After doing some research on the Patagonia region way back in England, we had decided this particular trek was something we really wanted to do. I did a quick Google search we found multiple companies which offered packages to do the trek, ranging from $1,000 US right up to $3,000. Zack scoffed at the prices and the ‘tour’ idea and assured me that we could organise it ourselves when we arrived for a fraction of the price. So we turned up with this notion in mind and as much as I hate to admit it…he was spot on! The whole town of Pureto Natales is set up to supply independent travellers with everything you need to do the trek (as much as the Lonely Planet and these other companies hate to admit it) so you have everything you need at your fingertips.

So first of all our hostel owner showed us a map of the park and helped us decide on a rough route and then sent us in the direction of a hire place which offered a free informative talk on the park and the trek itself. We hired a tent, a mess kit (cooking stove, cups, bowls, spoons, etc), two roll mats and trekking poles and then hit up the supermarket to buy enough food for 6 days. We packed everything up into two back packs….one weighing 16kgs and the other weighing 9kgs, so guess who got the heavier one? The next morning we got the 7:30am bus out to the park and we were off!

Neither of us have ever done anything like this before, where you are in the wilderness completely self-sufficient, carrying everything you need for 6 days and following a map, so although bloody challenging at times, it was such an incredible rush! The paths were well marked, and the campsites bustling with other travellers so it was safe (just to reassure our families), but the feeling of freedom was amazing. The terrain changed everyday as we walked past glaciers, lakes, lagoons, snow capped mountain peaks, across rivers and streams, over bridges and through flat plains. At nights, we set up the tent, cooked up a 3 course dinner on our stove (well not quite, usually it was just pasta and a coffee), and then crashed out. After 5 full days of walking, the pinnacle of the trek was getting up at 5am to hike up a mountain in the dark and watch the sunrise reflect colours off three ‘torres’ (peaks), famous for giving the park its name. Amazing!
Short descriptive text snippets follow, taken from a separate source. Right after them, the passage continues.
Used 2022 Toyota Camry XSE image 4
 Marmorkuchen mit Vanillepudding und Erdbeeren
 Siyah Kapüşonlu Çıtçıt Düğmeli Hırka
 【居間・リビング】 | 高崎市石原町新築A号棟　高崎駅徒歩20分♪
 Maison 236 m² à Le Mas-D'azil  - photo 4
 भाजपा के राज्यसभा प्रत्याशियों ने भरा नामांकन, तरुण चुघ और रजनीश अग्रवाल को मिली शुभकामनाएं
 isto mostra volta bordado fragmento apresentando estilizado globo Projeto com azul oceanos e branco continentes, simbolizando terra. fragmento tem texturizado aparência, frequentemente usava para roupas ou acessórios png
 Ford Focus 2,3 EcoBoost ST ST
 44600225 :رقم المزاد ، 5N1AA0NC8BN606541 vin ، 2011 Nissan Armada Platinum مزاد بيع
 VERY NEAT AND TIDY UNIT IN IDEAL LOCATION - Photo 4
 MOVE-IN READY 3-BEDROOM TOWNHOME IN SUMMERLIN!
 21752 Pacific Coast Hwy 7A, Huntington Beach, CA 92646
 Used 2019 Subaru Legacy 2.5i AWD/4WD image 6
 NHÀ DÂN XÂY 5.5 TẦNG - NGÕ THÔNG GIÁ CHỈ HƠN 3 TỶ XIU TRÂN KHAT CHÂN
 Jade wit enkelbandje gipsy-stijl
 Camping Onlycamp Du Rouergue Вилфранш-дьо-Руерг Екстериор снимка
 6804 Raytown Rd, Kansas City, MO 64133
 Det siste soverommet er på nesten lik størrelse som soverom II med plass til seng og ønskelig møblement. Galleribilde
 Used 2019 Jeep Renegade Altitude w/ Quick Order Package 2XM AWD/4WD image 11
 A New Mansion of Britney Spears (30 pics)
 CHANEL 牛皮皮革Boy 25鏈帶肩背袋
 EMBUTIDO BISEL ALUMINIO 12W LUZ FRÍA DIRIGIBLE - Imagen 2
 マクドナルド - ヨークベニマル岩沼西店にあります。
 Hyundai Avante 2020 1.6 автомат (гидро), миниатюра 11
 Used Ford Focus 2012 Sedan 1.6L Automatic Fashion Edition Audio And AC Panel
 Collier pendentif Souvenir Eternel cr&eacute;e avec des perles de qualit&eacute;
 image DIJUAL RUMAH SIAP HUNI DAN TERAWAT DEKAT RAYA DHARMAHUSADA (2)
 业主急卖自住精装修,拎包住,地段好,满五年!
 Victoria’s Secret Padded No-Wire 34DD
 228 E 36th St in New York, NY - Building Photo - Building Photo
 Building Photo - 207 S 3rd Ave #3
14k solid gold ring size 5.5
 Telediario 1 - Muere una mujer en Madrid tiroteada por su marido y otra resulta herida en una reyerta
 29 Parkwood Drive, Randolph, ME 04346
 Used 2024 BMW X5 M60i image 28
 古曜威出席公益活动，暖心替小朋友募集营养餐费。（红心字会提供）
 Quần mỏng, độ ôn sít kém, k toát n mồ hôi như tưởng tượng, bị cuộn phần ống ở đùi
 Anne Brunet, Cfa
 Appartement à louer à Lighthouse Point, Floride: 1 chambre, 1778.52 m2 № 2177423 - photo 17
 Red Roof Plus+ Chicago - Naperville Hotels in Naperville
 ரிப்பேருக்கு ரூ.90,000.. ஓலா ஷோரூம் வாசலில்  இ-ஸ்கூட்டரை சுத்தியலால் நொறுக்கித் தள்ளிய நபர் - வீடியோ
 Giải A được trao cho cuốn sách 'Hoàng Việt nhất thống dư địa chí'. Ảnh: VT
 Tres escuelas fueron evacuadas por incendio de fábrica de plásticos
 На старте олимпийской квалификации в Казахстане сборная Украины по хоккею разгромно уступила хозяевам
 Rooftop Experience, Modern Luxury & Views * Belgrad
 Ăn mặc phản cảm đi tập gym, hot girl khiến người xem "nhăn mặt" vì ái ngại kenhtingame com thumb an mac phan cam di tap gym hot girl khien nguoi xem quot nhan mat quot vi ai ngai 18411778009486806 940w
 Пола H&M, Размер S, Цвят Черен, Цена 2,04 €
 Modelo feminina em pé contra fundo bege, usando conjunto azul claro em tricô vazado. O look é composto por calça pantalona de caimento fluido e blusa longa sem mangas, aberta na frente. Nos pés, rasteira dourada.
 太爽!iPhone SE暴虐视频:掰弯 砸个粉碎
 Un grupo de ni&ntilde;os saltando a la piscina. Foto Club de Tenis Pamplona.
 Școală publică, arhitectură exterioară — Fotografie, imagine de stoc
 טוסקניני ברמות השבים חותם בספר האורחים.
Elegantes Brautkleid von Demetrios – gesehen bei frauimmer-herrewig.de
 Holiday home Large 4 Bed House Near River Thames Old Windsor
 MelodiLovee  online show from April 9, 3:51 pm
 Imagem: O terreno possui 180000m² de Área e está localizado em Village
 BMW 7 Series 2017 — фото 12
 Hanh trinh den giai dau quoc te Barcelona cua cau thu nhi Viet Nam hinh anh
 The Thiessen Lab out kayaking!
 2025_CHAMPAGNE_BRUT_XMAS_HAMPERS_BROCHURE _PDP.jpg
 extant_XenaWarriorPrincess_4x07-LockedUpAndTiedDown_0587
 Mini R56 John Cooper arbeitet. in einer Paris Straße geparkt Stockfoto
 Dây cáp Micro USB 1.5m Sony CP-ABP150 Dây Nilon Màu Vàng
Returning to Pureto Natales that night, Zack and I were both exhausted but on an absolute high. We went out for dinner to get some much needed meat and vegetables (things you can’t really work into your diet when your carrying all of your food), and then slept for 10 hours straight. We had survived, with only minimal physical injuries, and more importantly, managed not to kill each other in the process.

We both agree, it’s the best thing we have done so far on this trip…Patagonia rocks!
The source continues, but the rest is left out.